Q. Hi Mike, has there been any news as to Bo Scaife's contract details? Do you get the feeling that the Pats might be carrying four TEs next season? This would make sense with the importance placed on the position in this scheme. -- Marc (London, England)
A. Marc, the contract signed by Scaife is a one-year pact with a base salary of $700,000. Not big money and reflective of a player who is a longer shot to make the roster. I think he was brought in because of a run of injuries at the position -- Rob Gronkowski, Aaron Hernandez, Daniel Fells and Brad Herman have all missed practice time -- and is more of an insurance-type fallback option if any of the top three guys don't return to health as hoped.
Q. The discussion about personnel for the sub defense has been bandied about a lot this offseason. Can you please explain to a casual fan exactly what a sub defense is and why the personnel needs change when a team is in sub? -- Tyler (New Hampshire)
A. Tyler, a sub defense is when there is at least one extra defensive back in place of a player on the defensive line or at linebacker.
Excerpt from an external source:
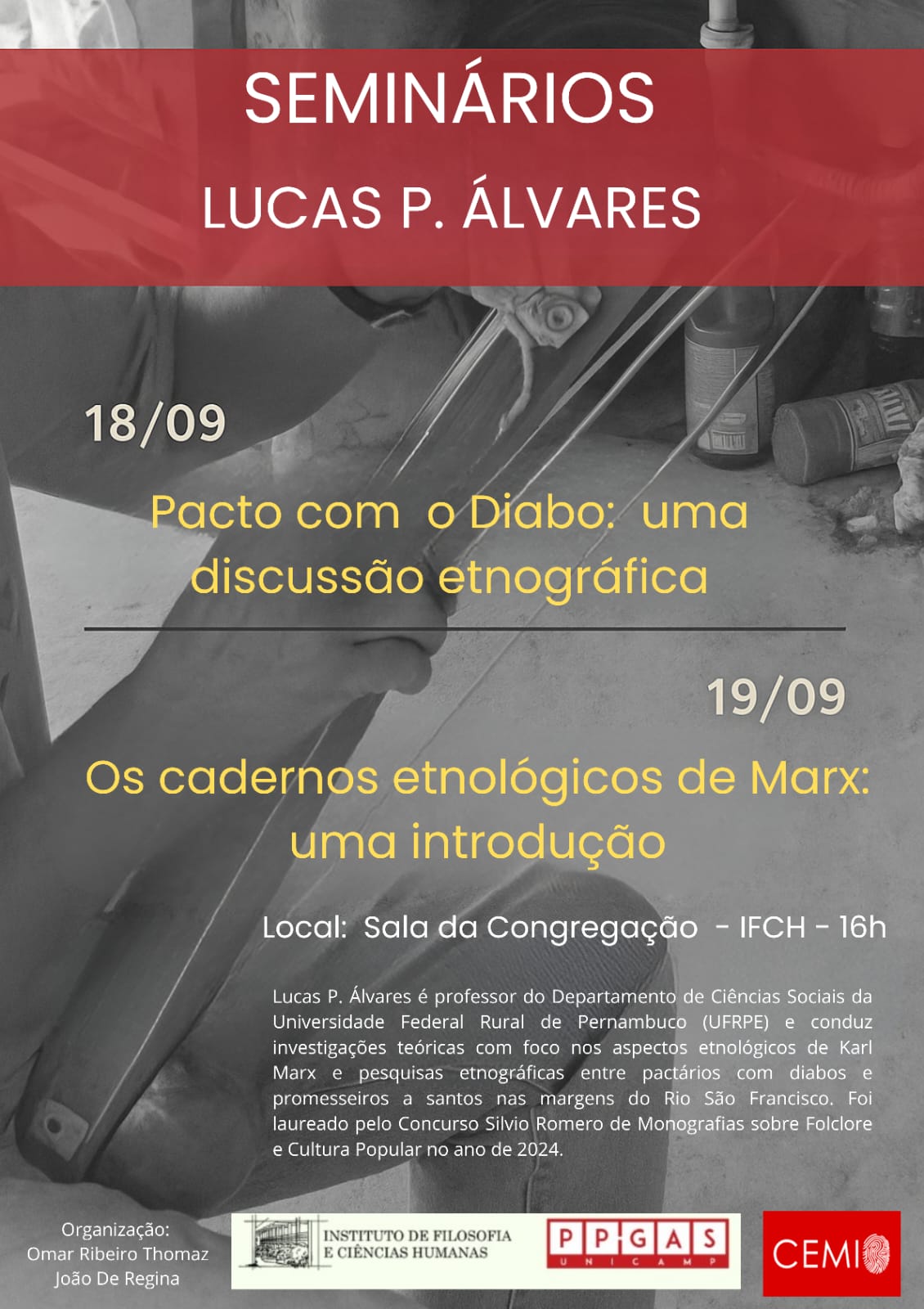 seminários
With one extra defensive back (5 instead of 4), that's a nickel package. With two extra defensive backs (6 instead of 4), that is referred to as a dime package. When teams go to sub, they are most often getting smaller to defend the pass or plays in space. So it requires some different type of personnel -- maybe a bit faster.
Q. I haven't heard much about those undrafted free agents: Brandon Bolden, Jeremiah Warren, Matt Roark, etc. How are they doing? -- Nick (Charlottetown, Prince Edward Island)
A. Nick, I think Jeremiah Warren is getting some reps of note due to some absences/injuries on the interior of the offensive line. But overall, it's tough for me to make any definitive call on these young guys at this point. It's easier to be more decisive when we see them in full pads come training camp.